To beat the system, include key terms listed in the job description throughout your resume as well as in a dedicated “Skills” section. It’s best to list 4 to 10 skills—it should be a mix of hard skills and soft skills.
When writing your hard skills, concentrate on the following:
- Mastery of customer service channels. Just because you’re applying to an inbound call center doesn’t mean you’ll never need to resolve tickets through other mediums like email or chat. Let recruiters know that you’re comfortable working across channels to boost their confidence in you.
- Examples: Phone customer service, online chat customer service
- Software proficiency. Call center software is the backbone of the industry, and it continues to evolve with new automation and artificial intelligence capabilities. Show you’re familiar with these types of platforms so recruiters can see that you’re able to keep up with changing tech.

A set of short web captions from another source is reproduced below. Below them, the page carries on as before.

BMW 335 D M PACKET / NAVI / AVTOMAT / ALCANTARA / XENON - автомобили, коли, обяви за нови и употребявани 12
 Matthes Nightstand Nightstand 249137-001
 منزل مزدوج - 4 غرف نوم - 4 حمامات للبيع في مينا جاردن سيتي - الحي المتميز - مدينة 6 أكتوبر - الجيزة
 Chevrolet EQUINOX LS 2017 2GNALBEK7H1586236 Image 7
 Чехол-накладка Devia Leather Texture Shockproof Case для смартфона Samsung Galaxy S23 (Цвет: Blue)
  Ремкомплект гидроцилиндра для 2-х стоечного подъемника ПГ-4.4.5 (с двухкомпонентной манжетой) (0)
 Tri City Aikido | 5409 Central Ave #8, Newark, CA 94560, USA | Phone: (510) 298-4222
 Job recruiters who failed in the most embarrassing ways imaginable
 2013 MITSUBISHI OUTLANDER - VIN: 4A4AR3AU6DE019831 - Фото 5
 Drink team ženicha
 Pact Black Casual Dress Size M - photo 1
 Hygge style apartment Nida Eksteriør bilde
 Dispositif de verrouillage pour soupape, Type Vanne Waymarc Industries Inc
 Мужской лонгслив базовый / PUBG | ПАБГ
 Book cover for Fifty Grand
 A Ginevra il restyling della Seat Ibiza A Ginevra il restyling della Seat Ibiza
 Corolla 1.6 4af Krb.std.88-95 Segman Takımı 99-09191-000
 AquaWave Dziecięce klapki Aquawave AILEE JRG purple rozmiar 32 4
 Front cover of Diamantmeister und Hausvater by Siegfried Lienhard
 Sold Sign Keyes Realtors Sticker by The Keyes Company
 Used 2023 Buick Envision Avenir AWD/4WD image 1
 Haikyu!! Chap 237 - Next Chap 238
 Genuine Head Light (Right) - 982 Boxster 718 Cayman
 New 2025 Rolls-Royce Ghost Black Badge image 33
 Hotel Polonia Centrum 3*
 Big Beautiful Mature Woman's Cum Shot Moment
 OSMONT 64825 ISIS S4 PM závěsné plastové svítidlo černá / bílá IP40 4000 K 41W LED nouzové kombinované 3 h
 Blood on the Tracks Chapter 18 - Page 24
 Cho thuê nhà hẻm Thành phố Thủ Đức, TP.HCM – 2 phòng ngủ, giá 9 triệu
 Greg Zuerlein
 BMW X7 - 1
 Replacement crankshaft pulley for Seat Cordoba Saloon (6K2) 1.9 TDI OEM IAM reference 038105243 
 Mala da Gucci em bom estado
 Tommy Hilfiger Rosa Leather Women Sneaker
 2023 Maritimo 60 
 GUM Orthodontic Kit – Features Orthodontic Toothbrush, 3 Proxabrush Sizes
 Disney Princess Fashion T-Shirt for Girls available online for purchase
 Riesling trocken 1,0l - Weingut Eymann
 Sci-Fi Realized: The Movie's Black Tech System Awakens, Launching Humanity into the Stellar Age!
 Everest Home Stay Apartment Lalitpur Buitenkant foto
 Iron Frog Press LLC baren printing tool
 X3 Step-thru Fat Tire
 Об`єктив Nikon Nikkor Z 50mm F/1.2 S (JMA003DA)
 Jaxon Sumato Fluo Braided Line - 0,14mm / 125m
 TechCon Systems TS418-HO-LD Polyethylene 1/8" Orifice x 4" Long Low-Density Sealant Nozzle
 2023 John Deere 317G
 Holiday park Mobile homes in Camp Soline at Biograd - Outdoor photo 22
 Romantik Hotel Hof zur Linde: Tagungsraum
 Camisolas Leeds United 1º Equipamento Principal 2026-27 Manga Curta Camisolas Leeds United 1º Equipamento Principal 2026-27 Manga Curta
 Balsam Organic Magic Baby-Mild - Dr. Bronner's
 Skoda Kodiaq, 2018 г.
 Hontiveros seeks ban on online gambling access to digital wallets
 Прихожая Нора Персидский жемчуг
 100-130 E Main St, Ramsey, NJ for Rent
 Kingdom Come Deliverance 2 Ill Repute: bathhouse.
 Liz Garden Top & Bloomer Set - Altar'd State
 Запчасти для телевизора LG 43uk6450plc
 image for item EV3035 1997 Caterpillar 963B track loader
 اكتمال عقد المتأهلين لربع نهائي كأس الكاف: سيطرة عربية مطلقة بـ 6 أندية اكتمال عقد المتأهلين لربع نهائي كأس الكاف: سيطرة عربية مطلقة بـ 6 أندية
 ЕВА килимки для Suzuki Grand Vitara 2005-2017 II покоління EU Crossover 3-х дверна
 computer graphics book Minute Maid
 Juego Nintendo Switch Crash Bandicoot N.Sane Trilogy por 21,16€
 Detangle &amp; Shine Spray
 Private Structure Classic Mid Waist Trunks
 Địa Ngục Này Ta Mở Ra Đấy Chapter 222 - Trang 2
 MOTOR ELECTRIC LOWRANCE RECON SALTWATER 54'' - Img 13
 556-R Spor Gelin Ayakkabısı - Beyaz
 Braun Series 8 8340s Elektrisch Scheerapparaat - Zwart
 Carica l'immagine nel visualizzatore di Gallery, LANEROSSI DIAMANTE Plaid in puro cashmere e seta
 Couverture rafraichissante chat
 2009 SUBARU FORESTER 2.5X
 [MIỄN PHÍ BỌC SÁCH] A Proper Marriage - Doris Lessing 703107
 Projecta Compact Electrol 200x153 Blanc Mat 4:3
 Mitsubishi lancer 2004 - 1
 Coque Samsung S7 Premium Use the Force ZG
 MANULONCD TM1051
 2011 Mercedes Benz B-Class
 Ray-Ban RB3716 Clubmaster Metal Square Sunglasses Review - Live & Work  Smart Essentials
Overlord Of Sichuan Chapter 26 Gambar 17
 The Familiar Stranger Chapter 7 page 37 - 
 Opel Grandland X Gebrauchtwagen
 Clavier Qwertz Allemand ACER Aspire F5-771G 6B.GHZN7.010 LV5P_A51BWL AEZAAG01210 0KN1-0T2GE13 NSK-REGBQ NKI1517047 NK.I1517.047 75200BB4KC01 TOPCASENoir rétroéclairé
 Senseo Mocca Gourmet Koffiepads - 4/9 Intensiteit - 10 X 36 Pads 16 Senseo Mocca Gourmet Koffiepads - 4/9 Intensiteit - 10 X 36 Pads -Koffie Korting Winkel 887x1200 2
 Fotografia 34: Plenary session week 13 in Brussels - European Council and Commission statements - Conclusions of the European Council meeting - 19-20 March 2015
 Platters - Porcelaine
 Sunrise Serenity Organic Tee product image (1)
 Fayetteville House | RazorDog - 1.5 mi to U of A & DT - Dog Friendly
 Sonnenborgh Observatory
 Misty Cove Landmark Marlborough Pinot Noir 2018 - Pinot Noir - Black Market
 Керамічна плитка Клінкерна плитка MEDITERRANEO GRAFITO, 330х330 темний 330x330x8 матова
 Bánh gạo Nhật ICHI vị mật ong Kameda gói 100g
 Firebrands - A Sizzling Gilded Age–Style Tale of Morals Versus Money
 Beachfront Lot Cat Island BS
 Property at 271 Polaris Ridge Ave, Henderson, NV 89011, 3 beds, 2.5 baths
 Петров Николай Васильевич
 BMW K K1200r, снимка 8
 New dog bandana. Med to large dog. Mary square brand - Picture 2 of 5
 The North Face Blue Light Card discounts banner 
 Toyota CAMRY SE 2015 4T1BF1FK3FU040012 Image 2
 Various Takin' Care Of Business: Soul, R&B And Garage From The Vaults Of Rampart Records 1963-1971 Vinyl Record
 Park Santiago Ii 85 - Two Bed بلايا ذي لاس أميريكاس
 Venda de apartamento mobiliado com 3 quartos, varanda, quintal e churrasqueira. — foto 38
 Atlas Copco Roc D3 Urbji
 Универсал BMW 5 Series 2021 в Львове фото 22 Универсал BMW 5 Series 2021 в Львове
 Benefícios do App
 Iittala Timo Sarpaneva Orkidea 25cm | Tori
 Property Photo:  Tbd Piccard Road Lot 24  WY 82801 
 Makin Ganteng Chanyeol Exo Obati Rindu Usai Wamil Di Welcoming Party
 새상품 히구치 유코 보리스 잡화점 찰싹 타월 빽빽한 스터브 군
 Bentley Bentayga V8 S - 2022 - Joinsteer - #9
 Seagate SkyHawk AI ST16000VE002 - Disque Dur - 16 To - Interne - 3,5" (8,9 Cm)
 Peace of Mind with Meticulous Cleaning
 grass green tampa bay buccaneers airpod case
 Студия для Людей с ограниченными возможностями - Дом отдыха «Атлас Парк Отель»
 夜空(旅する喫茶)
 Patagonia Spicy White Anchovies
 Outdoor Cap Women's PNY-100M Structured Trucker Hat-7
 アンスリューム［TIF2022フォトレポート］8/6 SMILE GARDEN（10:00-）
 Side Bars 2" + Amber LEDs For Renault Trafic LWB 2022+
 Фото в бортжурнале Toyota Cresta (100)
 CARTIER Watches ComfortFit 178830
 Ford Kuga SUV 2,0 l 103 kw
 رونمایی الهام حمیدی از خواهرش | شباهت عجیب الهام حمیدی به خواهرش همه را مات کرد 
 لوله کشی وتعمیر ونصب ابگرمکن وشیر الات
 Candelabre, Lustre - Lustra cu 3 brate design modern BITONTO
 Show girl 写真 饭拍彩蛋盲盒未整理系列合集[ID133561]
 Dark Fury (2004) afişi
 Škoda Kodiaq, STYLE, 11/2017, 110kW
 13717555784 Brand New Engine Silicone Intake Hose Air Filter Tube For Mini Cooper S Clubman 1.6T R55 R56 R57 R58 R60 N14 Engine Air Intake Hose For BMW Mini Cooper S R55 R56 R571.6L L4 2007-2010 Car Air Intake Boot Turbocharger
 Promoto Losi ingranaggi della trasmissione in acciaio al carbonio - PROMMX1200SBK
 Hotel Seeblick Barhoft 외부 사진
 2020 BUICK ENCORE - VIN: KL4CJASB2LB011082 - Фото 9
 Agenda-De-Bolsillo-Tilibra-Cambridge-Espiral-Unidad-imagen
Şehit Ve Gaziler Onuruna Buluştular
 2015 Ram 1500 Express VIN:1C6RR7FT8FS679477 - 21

- Examples: Zendesk Talk, Microsoft Suite
- Language fluency. Speaking multiple languages means you can help more consumers feel valued and taken care of, ultimately leading to a better customer experience.
- Example: Bilingual customer support (English and Spanish)
- Typing efficiency. Even if you’re primarily handling phone calls, typing is a critical skill. The faster you type, the more customer inquiries you can document and resolve. Not sure what your words-per-minute (WPM) score is? Take LiveChat’s free one-minute typing test. Shoot for above 40 WPM to beat the average.
- Example: Typing (60 WPM)
While soft skills tend to speak more to personal qualities that vary across candidates, it’s a good idea to consider highlighting traits such as:
- Interpersonal communication. Call center agents interact with countless people every day. To be successful, you must know how to actively listen, explain complex topics in simple terms, and respond to complaints with tact and positivity.
- Problem-solving. In a fast-paced call center environment, you need to think quickly to resolve issues. Ideal candidates embrace problems as opportunities to deliver more value to customers.
- Flexibility. The ability to navigate unforeseen hurdles and pivot to other priorities will serve you well when working in a high-volume call center. And from a managerial perspective, this willingness to pitch in where needed shows you’re a team player.
- Empathy. Consumers want to be treated as human beings, not just another ticket to resolve. Demonstrating genuine empathy for customers helps you authentically connect with them. And when you prioritize a buyer’s emotional needs, you can earn their trust and loyalty.
- Organization. Call center representatives are responsible for keeping track of all their customer conversations and any follow-ups. Diligently staying on top of your notes and files will set you up for success.
- Time management. You’ll be expected to handle a certain amount of calls each day, so you need to manage your schedule and workflows well. The better your time management, the better you can serve customers.
6 call center resume examples
Now that you’ve learned some tips and tricks for crafting a winning resume, it’s time to look at call center resume samples that bring those strategies to life.
Entry-level call center agent resume templates
Why this resume works: Though John has no call center experience and limited work history, he does a great job of pulling out details relevant to a customer service professional. He includes key soft skill terms—like problem-solver and communication—that will likely get him past the resume bots. He also strategically mentions his ability to handle customer interactions in person and over the phone. His resume is well organized and easy to read, too.
Why this resume works: While John is a high school graduate, Pam is a recent college grad with a bit more professional experience. Because she has a background in sales, she’s able to highlight hard skills and include a specific KPI to quantify her work at American Eagle. She emphasizes her leadership and customer service abilities throughout the document, suggesting she has the potential to rise quickly. Like John, Pam has a clear, easy-to-read resume.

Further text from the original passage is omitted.